I have to rest in Him.
I had a conversation lately that really sparked in my heart.
A friend of mine had prayed for something for so long; now that her answer was
looking right at her, she was afraid to embrace it.
It was like a kid in
a candy store…Every day, she passes by that candy store, looking at the big,
chocolate rabbit. For years, she sees this rabbit. She sees other people buy
that chocolate rabbit…she sees them eat the delicious candy, and she wishes she
could have a bite, but no, not now…and every day, she walks by. Suddenly, one
day, the candymaker comes out with a box for her. He’s seen her walk by his
shop—he knows she’s there, even though she didn’t always know he could see her.
He knows that little girl would love to have that big, handmade chocolate
bunny. So one day, he lovingly wraps it up, puts it in the box, and he carries
it out to her.
She can’t believe it. For her?!? But…it’s never been for her! It’s always been
for everyone else! She just can’t get over it—Really?!?!? So, she takes the chocolate bunny…she’s
ever-so-thankful…
But she’s afraid to eat it.
What if it melts?
What if the candymaker gets mad, or changes his mind? What
if he takes it back?
She didn’t earn it. What if he sends her a bill?
She can’t even make herself take that chocolate bunny out of
the box…
Yet every day, she still walks by the candy shop, and looks
into the windows.
One day, the candymaker comes out, and asks her what she’s
doing. “Didn’t I give you a beautiful, big chocolate bunny?” he says…

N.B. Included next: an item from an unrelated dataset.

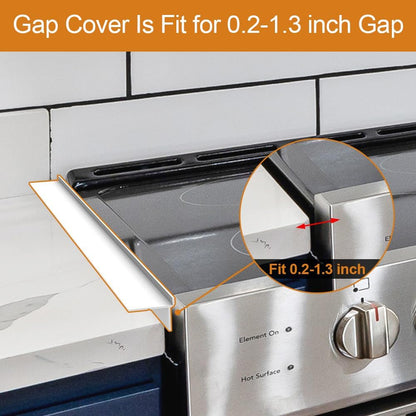 Silicone Stove Counter Gap Cover - 25 Inch Gap Filler 2 Pack Black | Long gap filler seals spills between kitchen appliances Stovetop oven countertop; stove gap cover, gas stove side gap covers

She tells him, “Yes, of course…”
“Well, did you try it?”
“No.”
“Did you open it?”
“No.”
“Why not? Aren’t you pleased with your gift?”
She finally tells him the truth: “I am afraid that you will
change your mind…I am afraid that it wasn’t a gift, that you’ll take it back. It just doesn’t seem real.”
It sounds kind of silly…especially when you compare it to
chocolate. I mean, I am THE LAST person that earth that would ever just look at chocolate in a box (unless it’s
my chocolate monkey from Crown Candy; I’m saving that for a special occasion).
It just makes sense: You get a gift, you open it, you put it to good use!
Otherwise, not only do you not get to reap the benefits of the gift; you also
offend the giver!
How many times have I done that to the Lord? How many times
has He given me a gift that I was too afraid to use? Just like my friend that I spoke with earlier
this week: How many times have I been afraid to Embrace The Happy?
We have these things that we pray for…not just gifts, like
God is some kind of Bob Barker; we have deep heart’s desires that we pray for,
that we earnestly seek His face for. Some of my friends are praying for
husbands…true men of God that will love and respect them, that will raise a
Godly family with them. For me, personally, I prayed for a child—crazy, drunk
prayers like Hannah in I Samuel. These are the desperate, soul-wrenching
prayers of a heart that’s on fire. And yet, when God decides that it’s time, we
recoil in fear….
We are afraid to Embrace The Happy.
My first Mothers’ Day is approaching. I talked about it a
little bit, earlier this week; but the more I think about it, the more afraid I
am of the joy that I’m feeling. It sounds ridiculous! I am afraid to admit that
yes, Cassidy Cooley is truly, madly, deeply HAPPY! Not just happy….I have joy
in my heart!
I am crazy with joy!
If you could see inside my brain, all you’d see is Tigger
bouncing around—that is how happy I am!!!!
Yet I find myself holding back, not telling anyone how I
feel, because I am afraid that if I talk about it, that Smite button will find
me, and I will be back in the Horrible Valley again…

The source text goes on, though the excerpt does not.